Figura 8- Almoço da minha despedida do Policlínico Alejandro Posadas, em dezembro de 1973, com a participação da equipe de médicos da Gastropediatria.
Figura 9- Enfermeira Anita, responsável pelos cuidados dos pacientes durante os procedimentos de investigação clínica, e eu em frente a entrada principal do Policlínico Alejandro Posadas.


Figura 10- Festa da minha despedida do Policlínico Alejandro Posadas realizada na casa da enfermeira Anita, em dezembro de 1973.
Por fim, o grande chefe do circo todo, o comandante genial, o cérebro de toda a coisa, o homem prático e matemático, o conselheiro de todas as horas, o amigo irrestrito. Este homem, Horácio Toccalino, eu não poderei nunca deixar de lembrar a cada momento da minha existência como médico e cidadão. Para que se tenha idéia, um dia quando me queixava de que no Brasil não havia possibilidades de se montar um serviço como o dele, ele me disse: Lá não é nada diferente daqui, e o que é necessário é trabalhar, trabalhar, trabalhar e acima de tudo formar uma equipe coesa.

Pensei muito a respeito dessas palavras e depois de algum tempo cheguei à conclusão que tudo é possível de se realizar basta haver determinação para tal. EU VOU FAZER O QUE ELE PREGA.”
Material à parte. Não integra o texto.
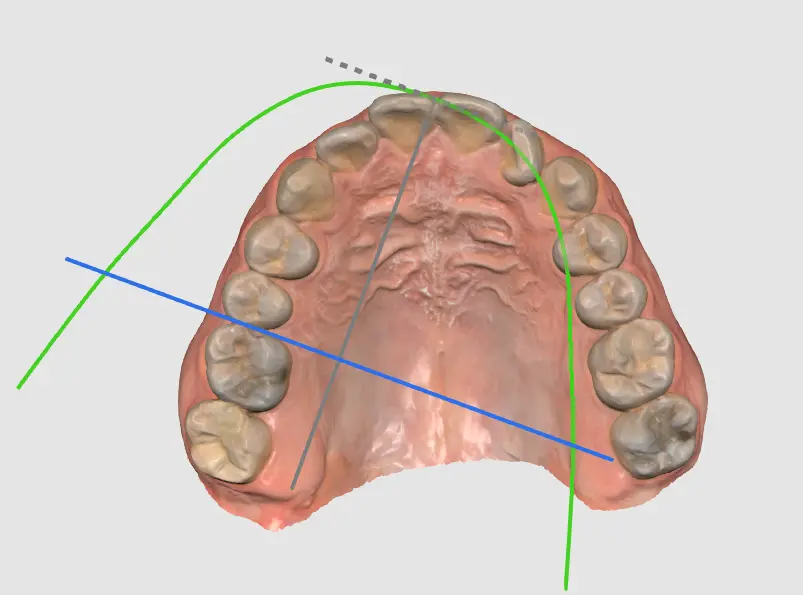 MOS Arch Form Selection 2.webp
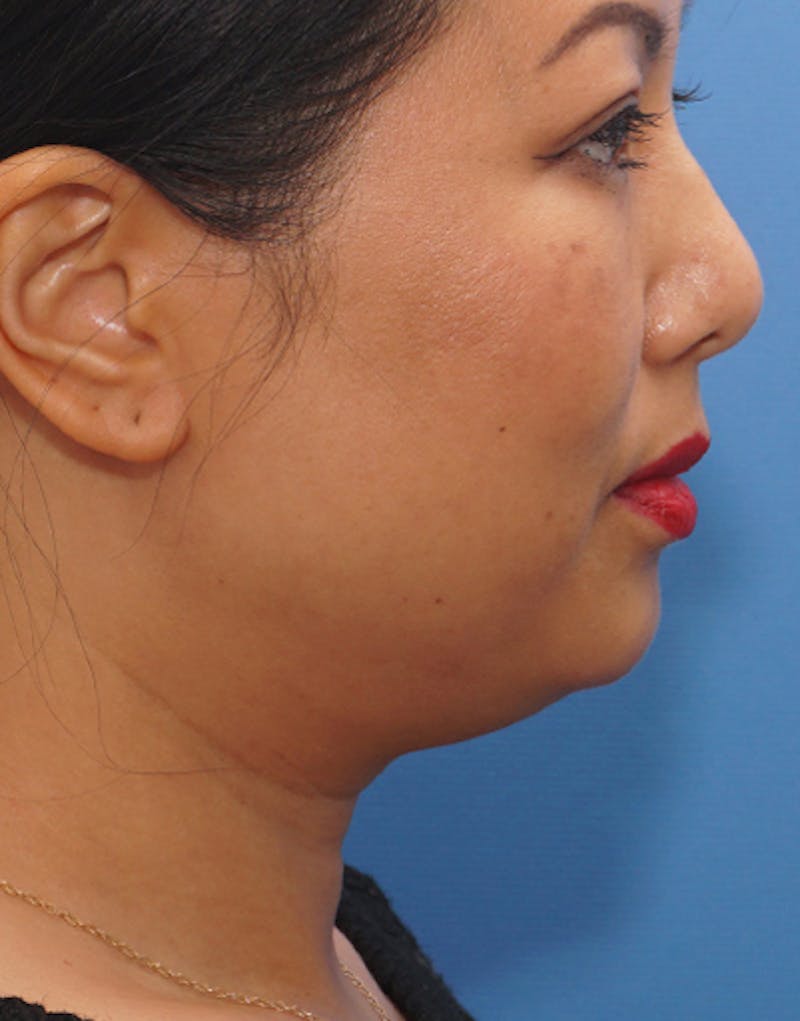 Jawline Contouring Before & After Gallery - Patient 302396 - Image 1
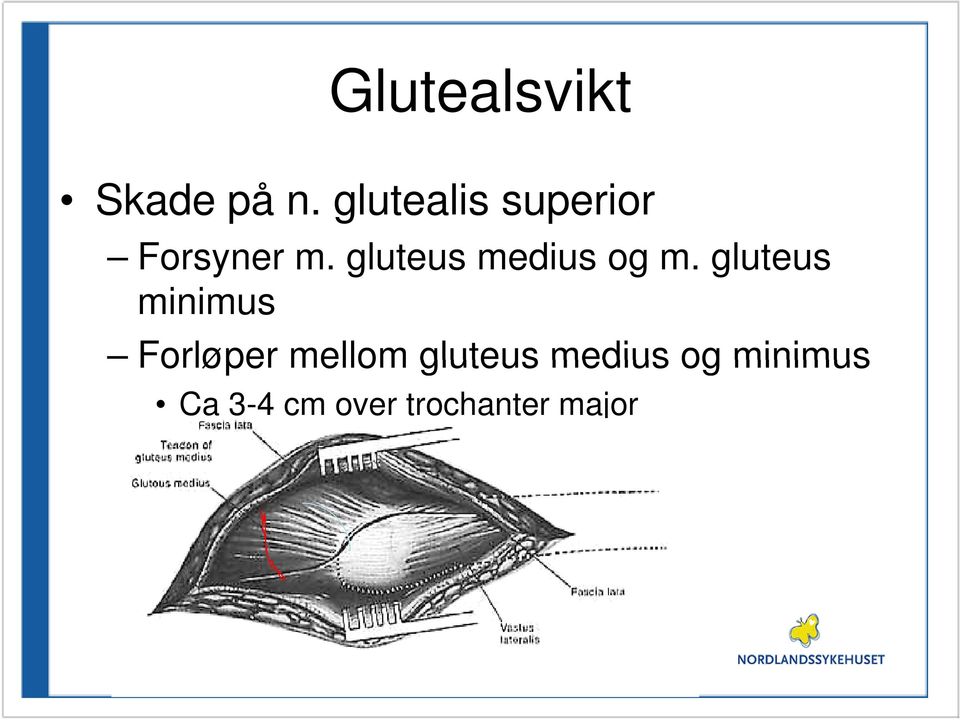 gluteus medius og m.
Dito e feito retornei ao Brasil, houve concurso para ingresso no magistério superior, fui aprovado, iniciei a carreira docente e juntamente com Prof. Jamal Wehba, montamos o Setor de Gastropediatria. Trabalhamos ombro a ombro durante bons anos, começamos a receber especializandos da nossa instituição e de outros serviços. Em pouco tempo mais começamos a produzir conhecimento, nos transformamos em Disciplina do Departamento de Pediatria, abrimos programas para a Pós-Graduação sentido restrito, Mestrado e Doutorado. A Disciplina cresceu, novos docentes foram incorporados, passamos a receber especializandos de todo o país e mesmo de outros países da América Latina (Figuras 11 & 12).
Figura 11- Cena de uma reunião clínica da Disciplina de Gastropediatria, no início dos anos 1990. Da esquerda para a direita Profa. Elisabete Kawakami, Prof. Jamal Wehba e Prof. Mauro Batista de Morais.
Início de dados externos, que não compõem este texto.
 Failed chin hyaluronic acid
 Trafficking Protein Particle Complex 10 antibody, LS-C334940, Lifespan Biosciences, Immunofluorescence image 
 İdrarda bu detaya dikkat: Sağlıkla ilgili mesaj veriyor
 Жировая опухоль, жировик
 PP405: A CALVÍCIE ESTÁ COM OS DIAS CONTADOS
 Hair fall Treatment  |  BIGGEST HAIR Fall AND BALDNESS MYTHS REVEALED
Figura 12- Parte da delegação da Disciplina de Gastropediatria, docentes, pós-graduandos e especializandos, presentes no V Congresso da Sociedade Latino Americana de Gastroenterologia e Nutrição realizado em Buenos Aires, em 1984.
Enfim, nossa missão está sendo cumprida e nossa Disciplina é atualmente reconhecida pela sua excelência nacional e internacionalmente. Seguimos com sucesso o lema de Horácio Toccalino!
Aqui termino a narrativa da minha experiência em Buenos Aires e no nosso próximo encontro retomaremos a discutir os aspectos das principais enfermidades do trato digestivo que afetam nossas crianças. Iniciarei as discussões sobre Doença Celíaca, até pouco tempo considerada uma enfermidade rara entre nós, mas após o advento dos marcadores sorológicos ganhou a conotação de um importante problema de saúde pública universal.